The Church of Saint-Jacques (Saint-James)


The Église Saint-Jacques, is the principal historic church of Compiègne, in the former "paroisse royale".  It has a side chapel dedicated to the Blessed Martyrs. On the wall is a "Transverberation of Saint Teresa of Avila" painted by Marie Leszczyńska for the Carmel according to the instructions of the prioress Mother Teresa of the Resurrection (Descajeuls).   

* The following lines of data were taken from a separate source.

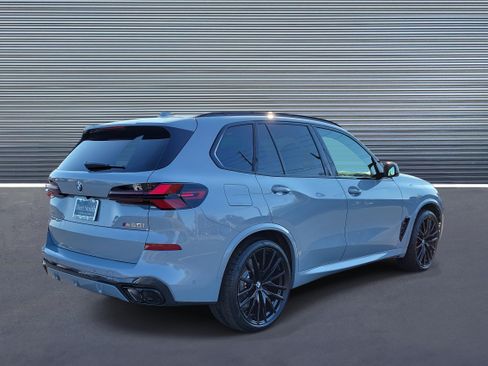 New 2026 BMW X5 M60i image 3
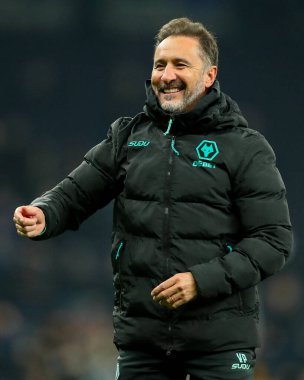 Wolverhampton Wanderers 'dan Vitor Pereira, Premier League maçında Tottenham Hotspur, Wolverhampton Wanderers' a karşı 29 Aralık 2024 'te Londra' daki Tottenham Hotspur Stadyumu 'nda oynanan maçın ardından taraftarlarla birlikte kutluyor.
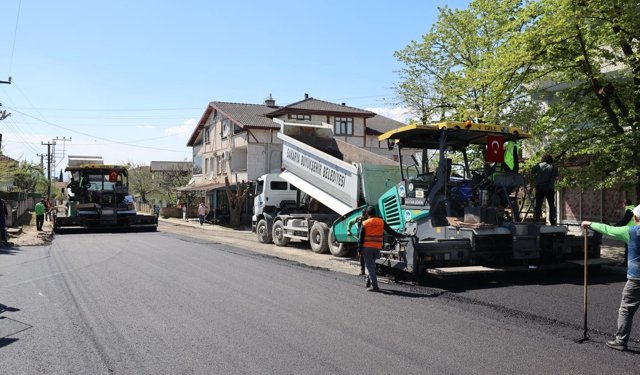 Büyükşehir asfalt sezonunu Akyazı’da açtı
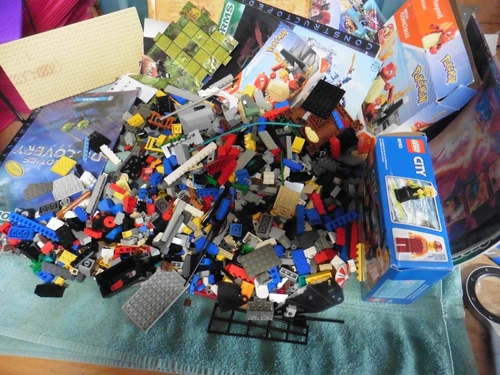 Mini legos lot Mini figures kingdom knight star wars legs hats body parts weapon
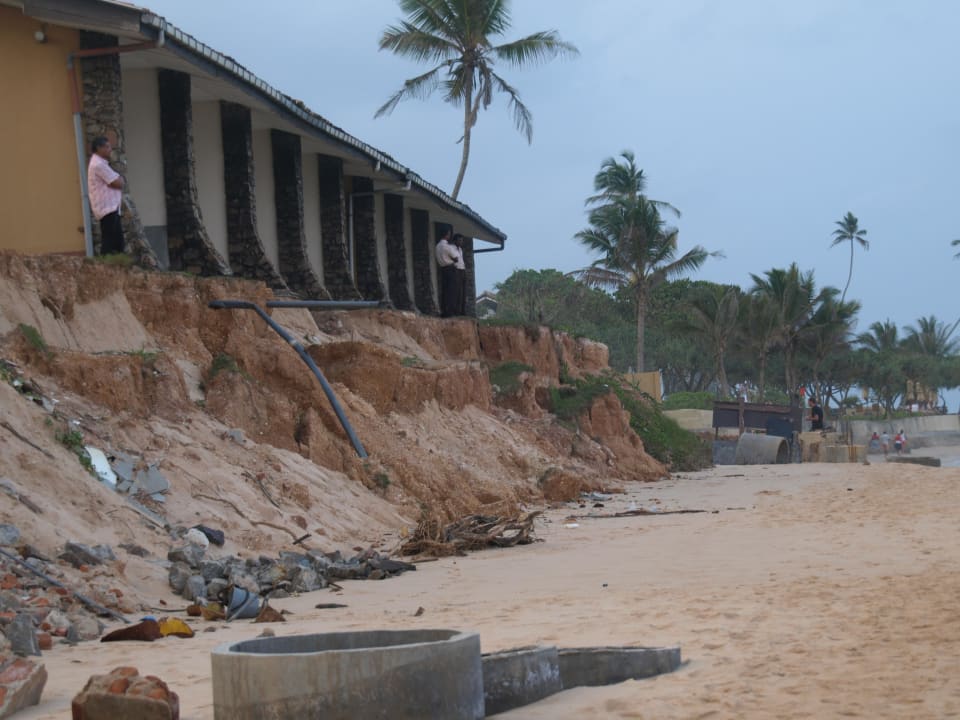 das Meer holt sich alles zurück Hotel Koggala Beach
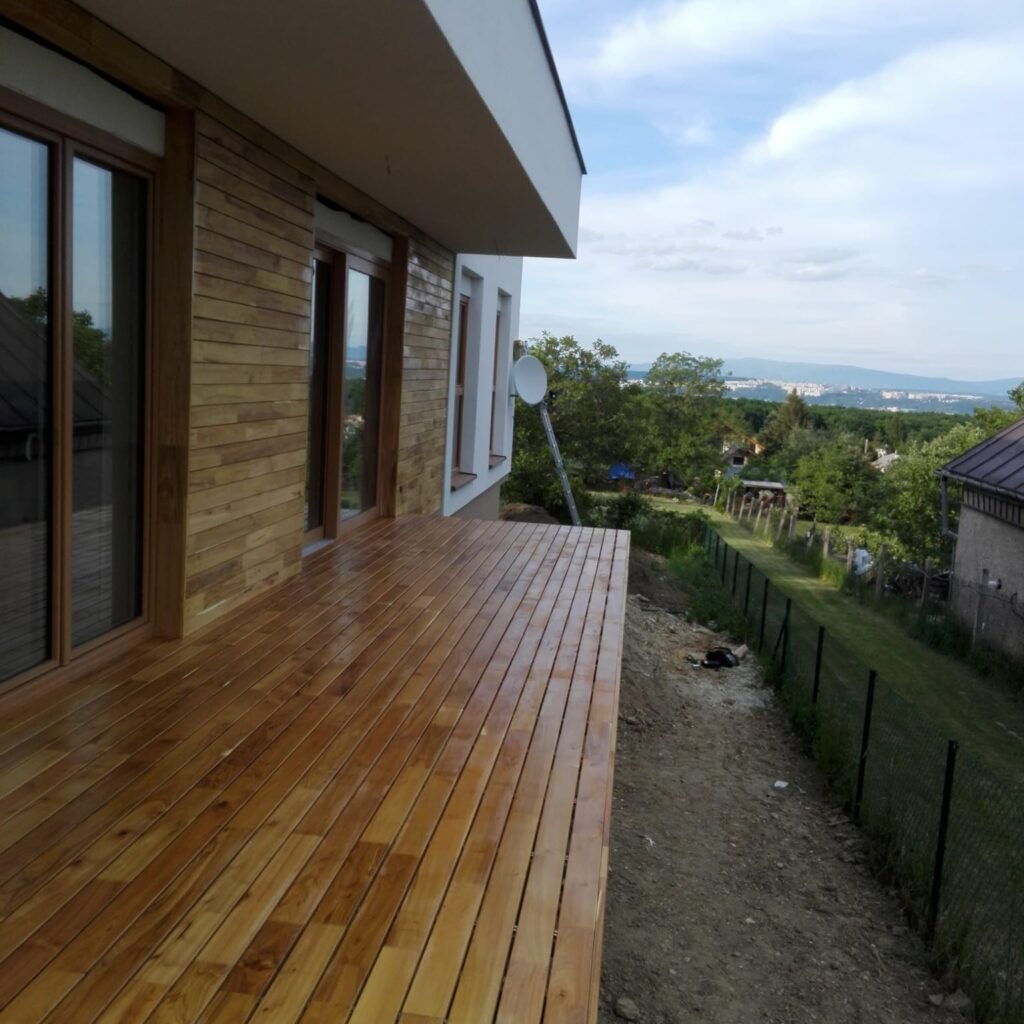 Terasa z akátového dřeva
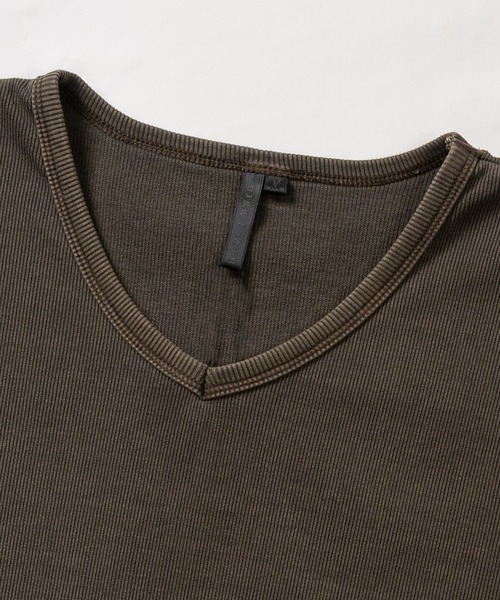JOHN'S CLOSET(ジョンズクローゼット)の「【13】ピグメント加工 ジャストフィットVネックTシャツ(Tシャツ/カットソー・メンズ・ブラウン/チャコールグレー・LARGE/MEDIUM/SMALL)」の3枚目の写真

The Musée Antoine Vivenel has a second painting, a Mary Magdalene, attributed to Simon Vouet, which was painted in 1752 for the oratory of the Queen's apartment at the Carmel. According to tradition Marie Leszczyńska may have had a hand in this one too.
Notice on the Base Joconde: 




The Carmelite refuges

After they were driven from their convent in September 1792, the nuns took up residence in the vicinity of the Church of Saint-Antoine.  Since they were forbidden to live together, the community of twenty divided itself into four "associations", each lodged in separate apartments (though two had the same address).  Since 1994 the three Carmelite "refuges" are indicated by commemorative plaques.

1. 9 rue Saint-Antoine, formerly rue Dampierre. The house of the Widow Saiget.  Here lodged Mme Lidoine, the prioress, with the three senior choir sisters and Madame Philippe, plus a lay sister and an extern, who were also to be numbered  among the martyrs. 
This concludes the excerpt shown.